_DATA TO USE_
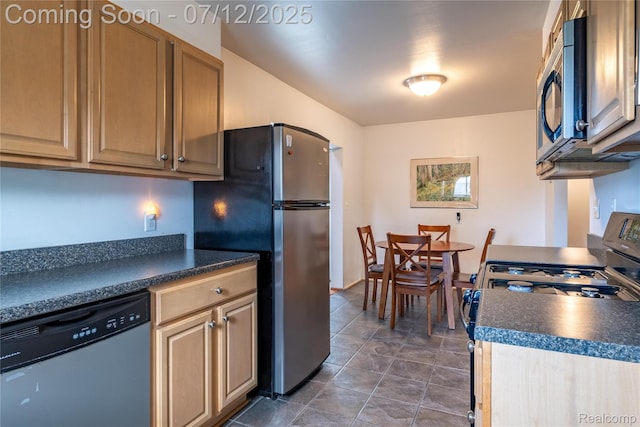 19443 Auburndale St, Livonia, MI 48152 - photo 9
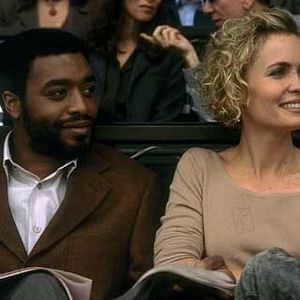 Bilder Radha Mitchell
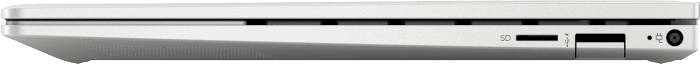 Ноутбук HP Envy 13-ba1007ua 13,3 (423V1EA) silver - фото 5 Ноутбук HP Envy 13-ba1007ua 13,3 (423V1EA) silver - фото 5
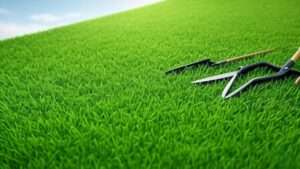 best sub base for artificial grass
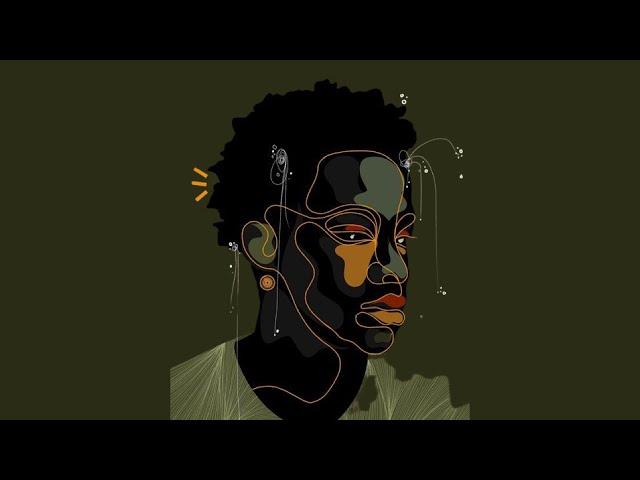 (FREE FOR PROFIT) Afrobeat Guitar Type Beat "Elements"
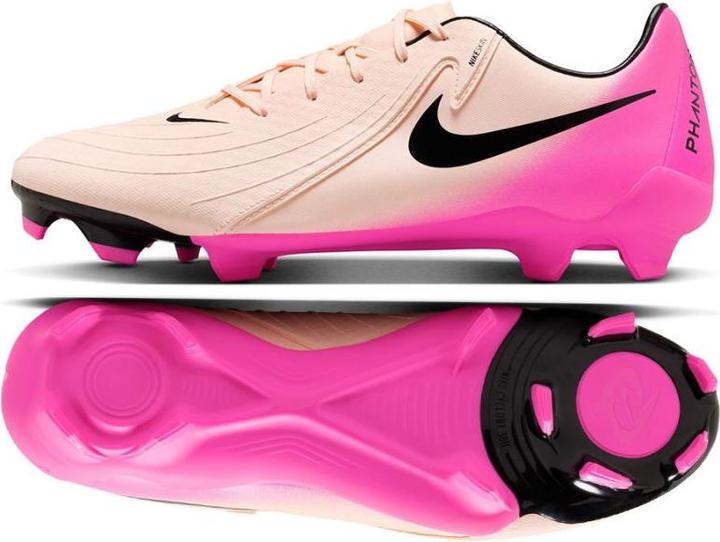 Immagine prodotto Nike Phantom Academy Schuhe (44)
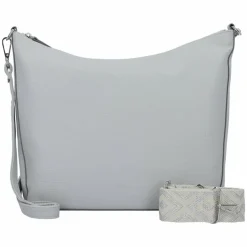 Gabor Linda Umhängetasche 35.5 cm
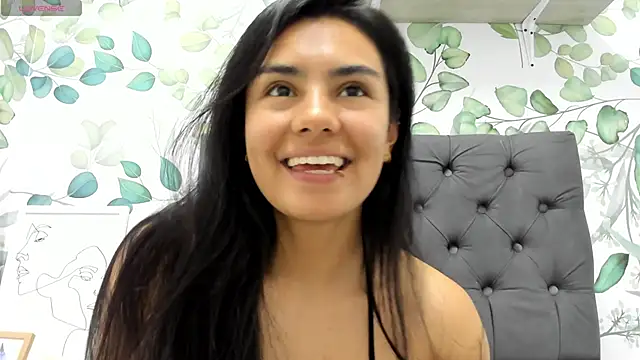 Snapshot of atilanadiaz7 chatting on 02-06-25, 07:51 atilanadiaz7 online show from 02-06-25, 07:51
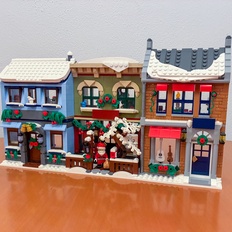 Afbeeldingslocatie: https://tweakers.net/i/GjeugfSnMBV8da8zphZKXdcYGUc=/232x232/filters:strip_icc():strip_exif()/f/image/Tt1DpdOk5N7Gmch7kZGB2gCF.jpg?f=fotoalbum_tile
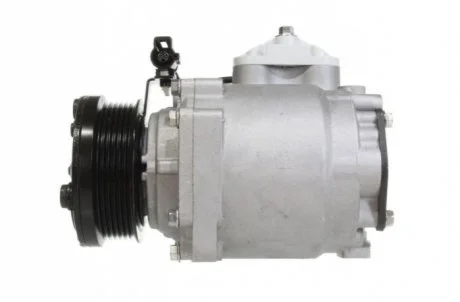 Компрессор кондиционера NRF 32830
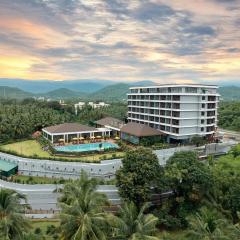 Gateway Goa, Palolem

_PROBLEM STATEMENT_
Leaving every picture out, repeat each line of the material exactly.

_OUTPUT BELOW_
 19443 Auburndale St, Livonia, MI 48152 - photo 9
 Bilder Radha Mitchell
 Ноутбук HP Envy 13-ba1007ua 13,3 (423V1EA) silver - фото 5 Ноутбук HP Envy 13-ba1007ua 13,3 (423V1EA) silver - фото 5
 best sub base for artificial grass
 (FREE FOR PROFIT) Afrobeat Guitar Type Beat "Elements"
 Immagine prodotto Nike Phantom Academy Schuhe (44)
 Gabor Linda Umhängetasche 35.5 cm
 Snapshot of atilanadiaz7 chatting on 02-06-25, 07:51 atilanadiaz7 online show from 02-06-25, 07:51
 Afbeeldingslocatie: https://tweakers.net/i/GjeugfSnMBV8da8zphZKXdcYGUc=/232x232/filters:strip_icc():strip_exif()/f/image/Tt1DpdOk5N7Gmch7kZGB2gCF.jpg?f=fotoalbum_tile
 Компрессор кондиционера NRF 32830
 Gateway Goa, Palolem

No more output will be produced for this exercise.